**EXTRACTED RECORDS:**
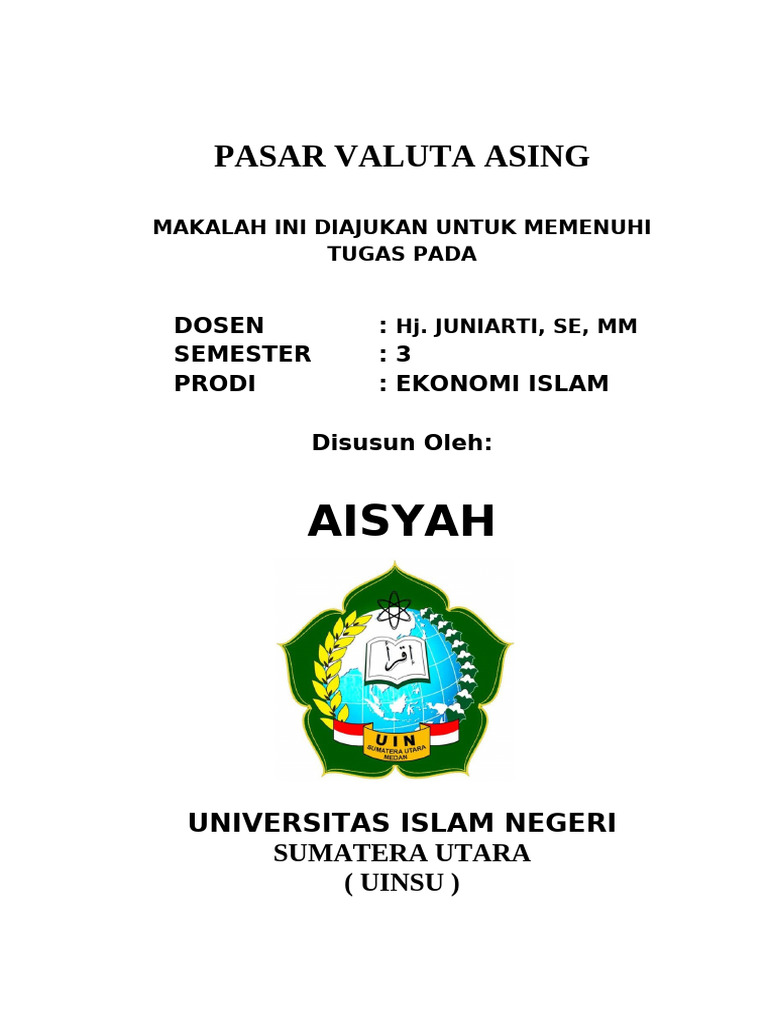 Pasar Valuta Asing | PDF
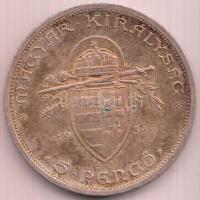 1938. 5P Ag "Szent István" T:2- Adamo P8.1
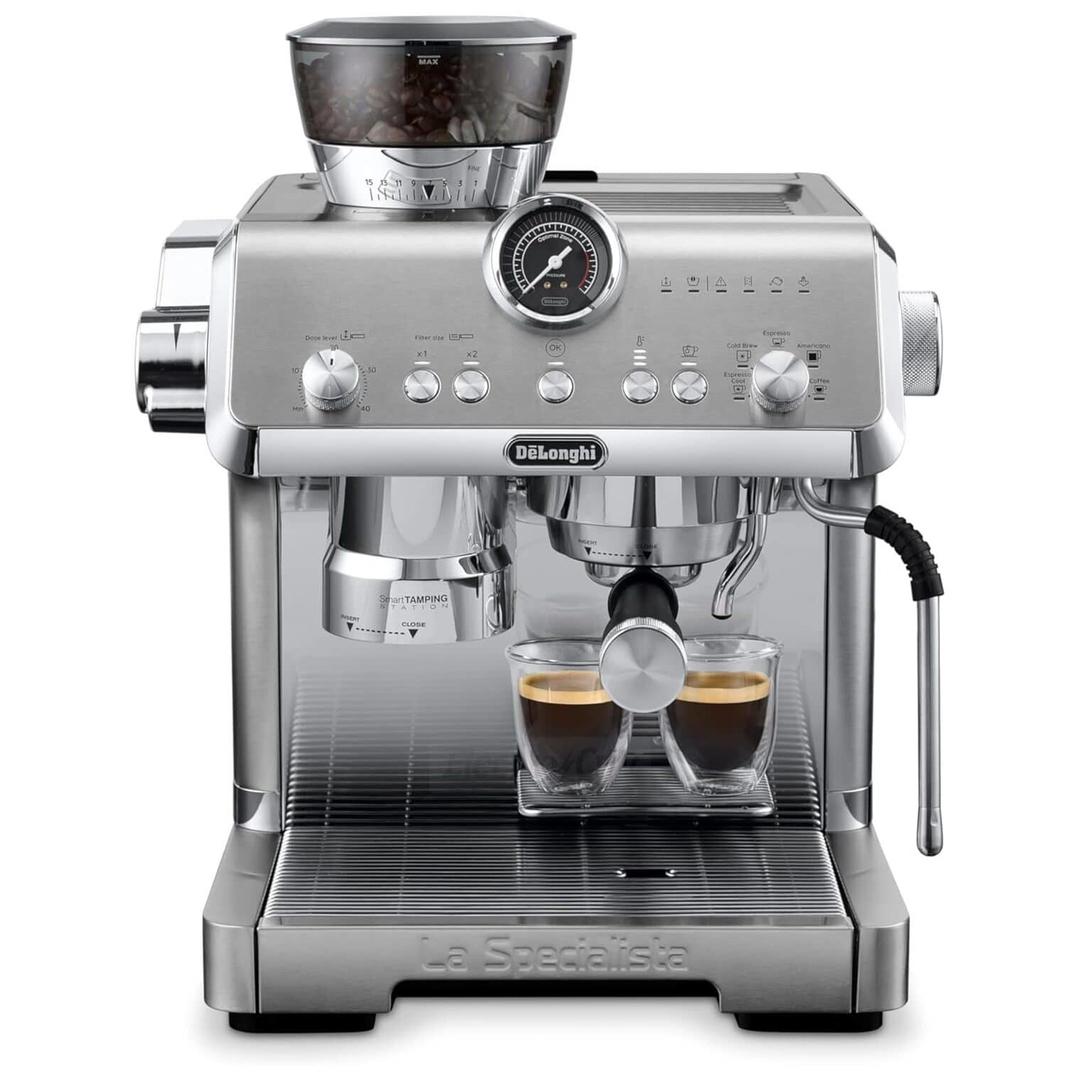 Delonghi La Specialista Opera Bean to Cup Coffee Machine with HomeCafe Kit - Stainless Steel, Espresso, Grinder, Steam Wand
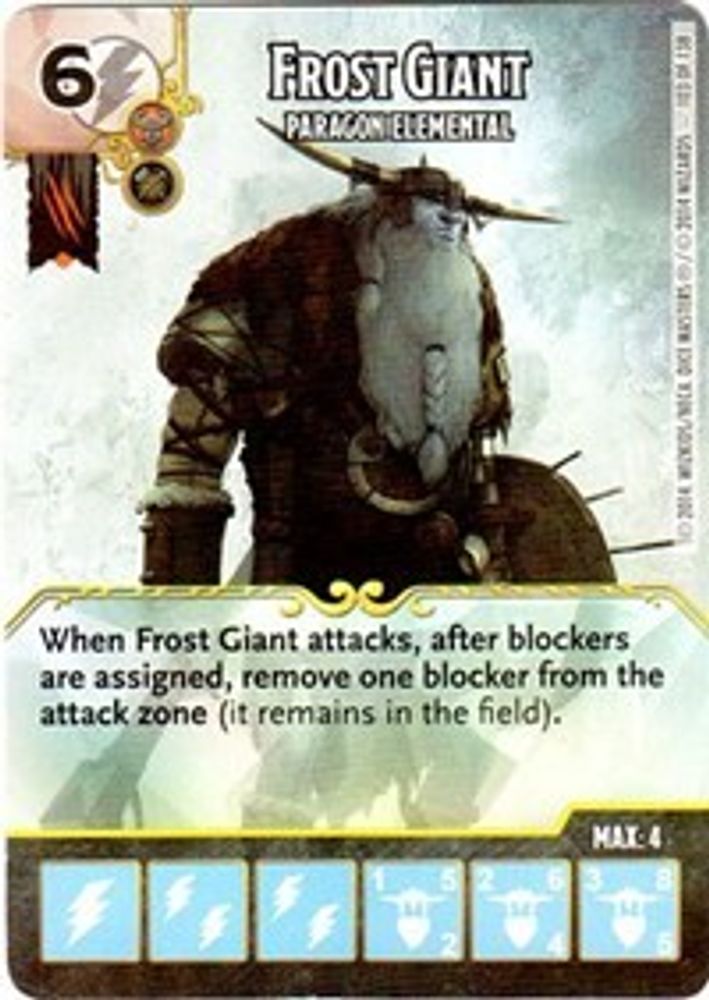 Frost Giant - Paragon Elemental, Standard, front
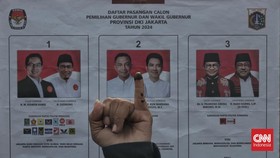 Rekapitulasi KPU Pilgub Jakarta: Pram-Doel Menang di 5 Wilayah Jakarta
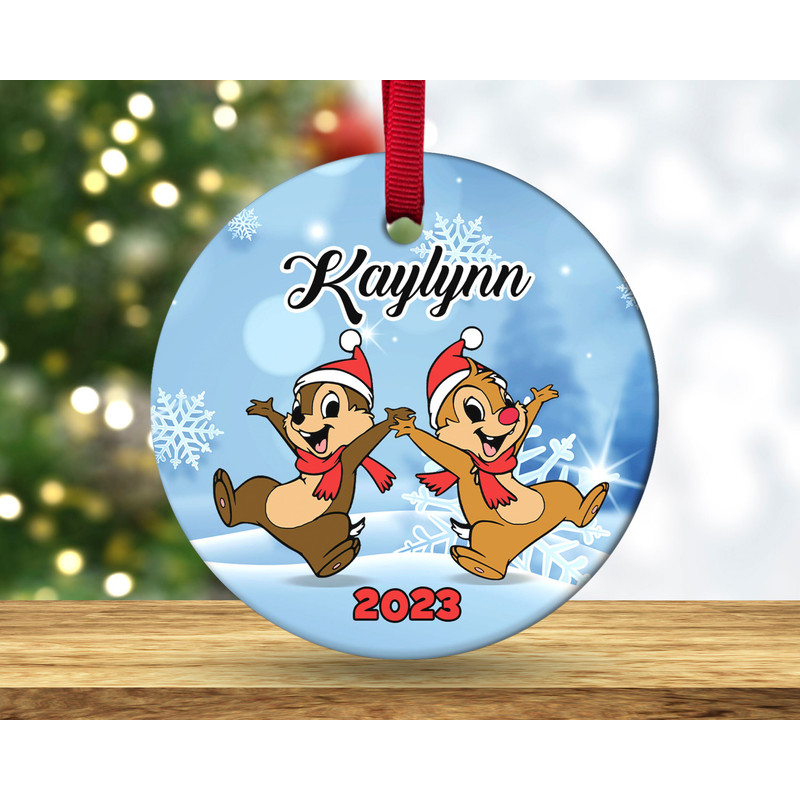 Personalized Chip And Dale Ornament 2023,Chip And Dale Christmas Ornament,Disney Chip N Dale,Kid Christmas Ornament HAPC08 - 2.jpg
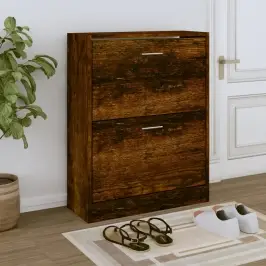 Spintelė Batams, Dūminio Ąžuolo, 63X24X81cm Apdirbta Mediena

**ASSIGNMENT:** Reproduce all of the entries word for word, skipping any pictures they hold.

**FINAL ANSWER:**
 Pasar Valuta Asing | PDF
 1938. 5P Ag "Szent István" T:2- Adamo P8.1
 Delonghi La Specialista Opera Bean to Cup Coffee Machine with HomeCafe Kit - Stainless Steel, Espresso, Grinder, Steam Wand
 Frost Giant - Paragon Elemental, Standard, front
 Rekapitulasi KPU Pilgub Jakarta: Pram-Doel Menang di 5 Wilayah Jakarta
 Personalized Chip And Dale Ornament 2023,Chip And Dale Christmas Ornament,Disney Chip N Dale,Kid Christmas Ornament HAPC08 - 2.jpg
 Spintelė Batams, Dūminio Ąžuolo, 63X24X81cm Apdirbta Mediena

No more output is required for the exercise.